Captioned web image data —
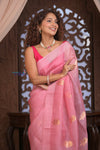 Kashi ~ Handloom Pure Silk Kora Saree in Blush Pink with PaIsley Buttis (Silk Mark Certified)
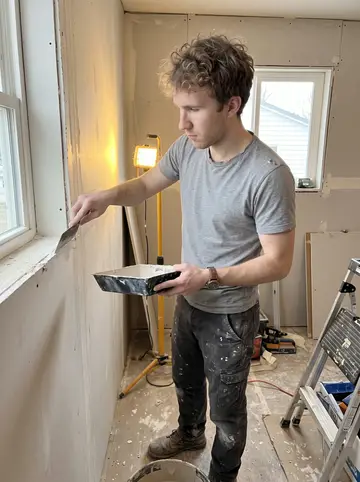 Braeden, AI character: a half-finished rental remodel in Boise, drywall sheets up and a compound bucket on the floor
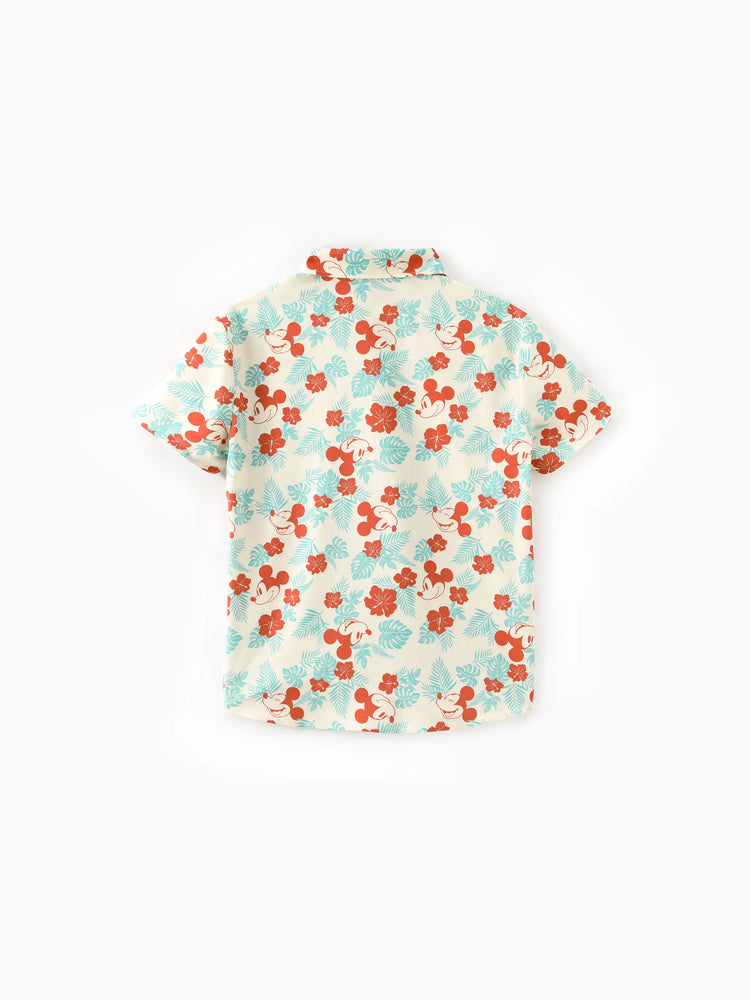 Daddy and Me Disney Mickey and Friends Family Matching Naia™ Floral Allover Print Shirt/Sleeveless Hollow-out Dress/Romper Multi-color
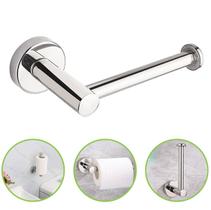 Suporte Porta Papel Higiênico Banheiro Lavabo Aço Inox Brilhante Estiloso Horizontal ou Vertical
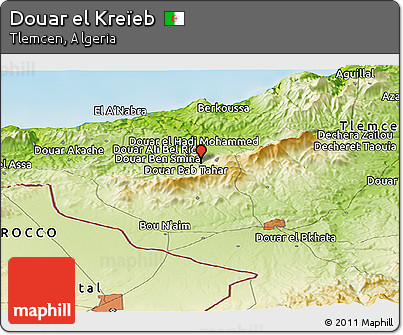 Physical Panoramic Map of Douar El Kreïeb
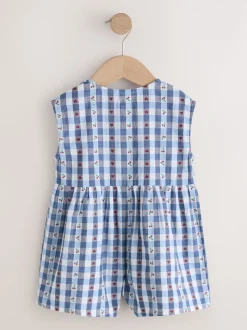 Vichy bleu - Combinaison trapèze (3mois-7ans)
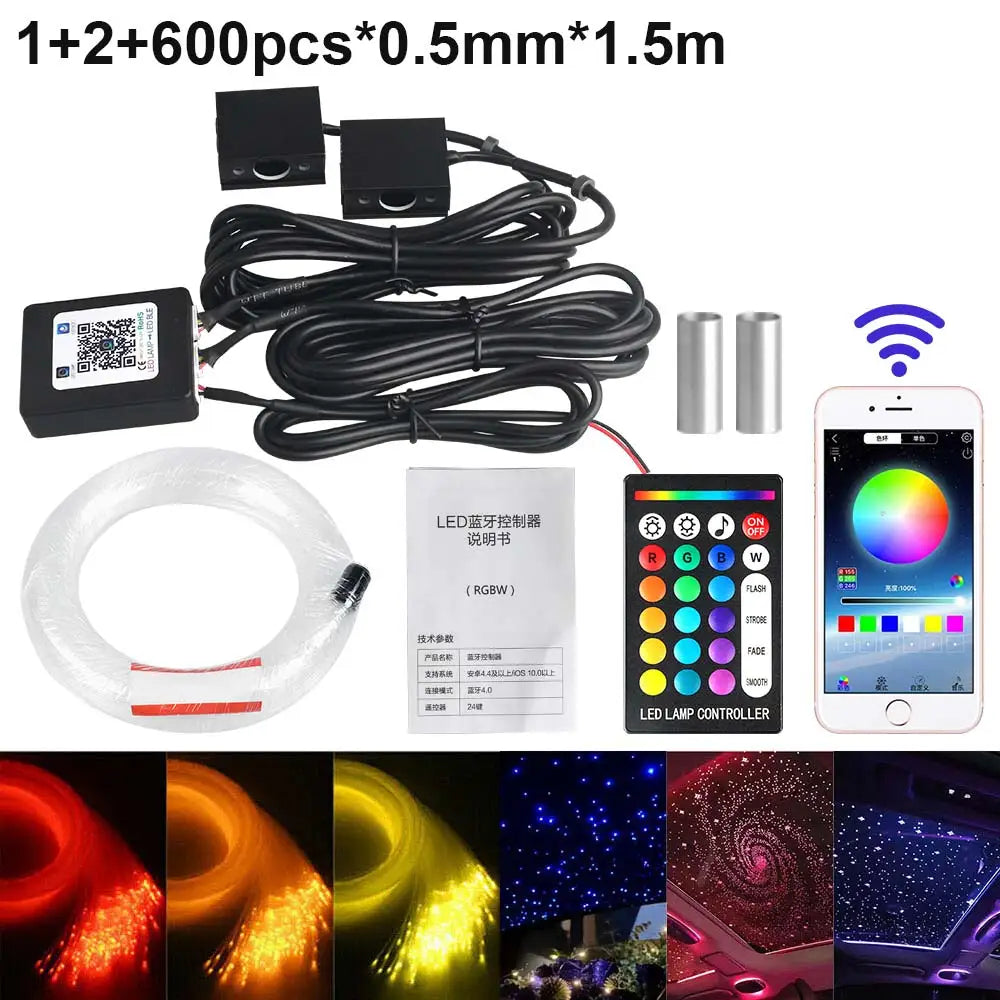 RGBW 1/2/4 Split Machine Car Roof Star Light APP Control Fiber Optic Star Ceiling Light Starry Sky Ceiling for Car Home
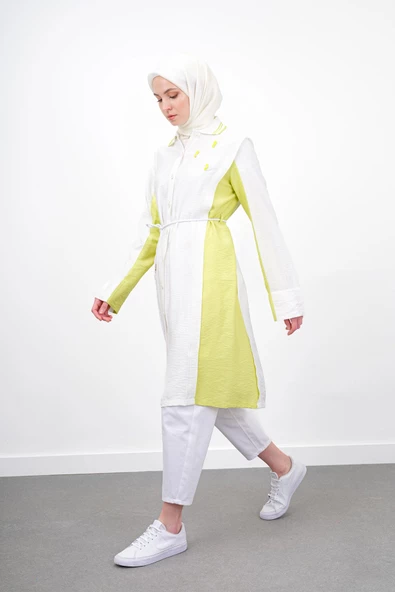 Bel Bağcıklı Taş İşlemeli Tunik - Fıstık Yeşili / Ekru - 5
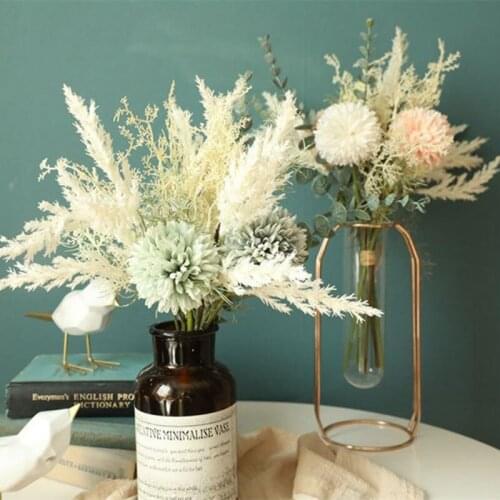 Plastic Artificial Flowers High Quality Dandelion Eucalyptus Hybrid Bouquet Wedding Green Plants Home Decor 38cm Fake Flower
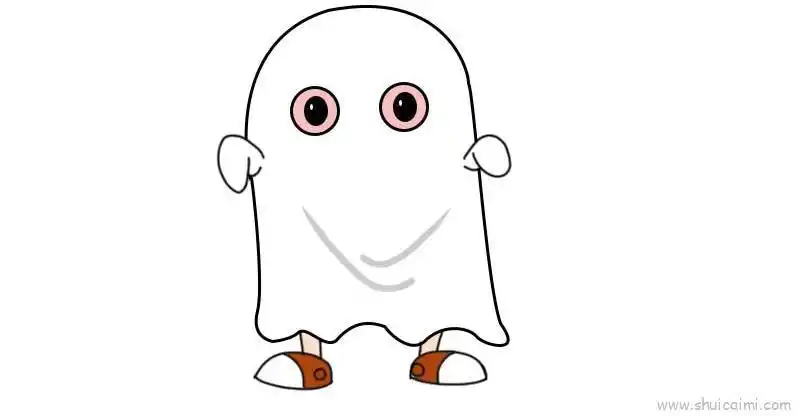 幽灵简笔画的画法图解分享到这里,查找更多万圣节幽灵简笔画,万圣节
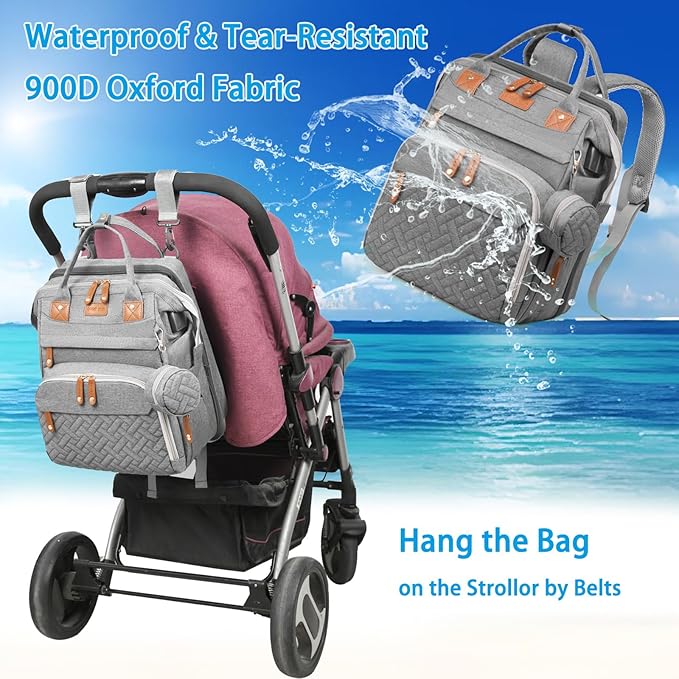 Jeryswet Baby Diaper Bags with Changing Station, Waterproof Large Capacity Diaper Bag Backpack for Moms Dads with USB Charging Port and Stroller Straps, Baby Shower Gifts, Grey-BubblyBeeBaby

Directions —
Apart from the pictures, all of the data must be duplicated exactly as shown above.

Task answer —
 Kashi ~ Handloom Pure Silk Kora Saree in Blush Pink with PaIsley Buttis (Silk Mark Certified)
 Braeden, AI character: a half-finished rental remodel in Boise, drywall sheets up and a compound bucket on the floor
 Daddy and Me Disney Mickey and Friends Family Matching Naia™ Floral Allover Print Shirt/Sleeveless Hollow-out Dress/Romper Multi-color
 Suporte Porta Papel Higiênico Banheiro Lavabo Aço Inox Brilhante Estiloso Horizontal ou Vertical
 Physical Panoramic Map of Douar El Kreïeb
 Vichy bleu - Combinaison trapèze (3mois-7ans)
 RGBW 1/2/4 Split Machine Car Roof Star Light APP Control Fiber Optic Star Ceiling Light Starry Sky Ceiling for Car Home
 Bel Bağcıklı Taş İşlemeli Tunik - Fıstık Yeşili / Ekru - 5
 Plastic Artificial Flowers High Quality Dandelion Eucalyptus Hybrid Bouquet Wedding Green Plants Home Decor 38cm Fake Flower
 幽灵简笔画的画法图解分享到这里,查找更多万圣节幽灵简笔画,万圣节
 Jeryswet Baby Diaper Bags with Changing Station, Waterproof Large Capacity Diaper Bag Backpack for Moms Dads with USB Charging Port and Stroller Straps, Baby Shower Gifts, Grey-BubblyBeeBaby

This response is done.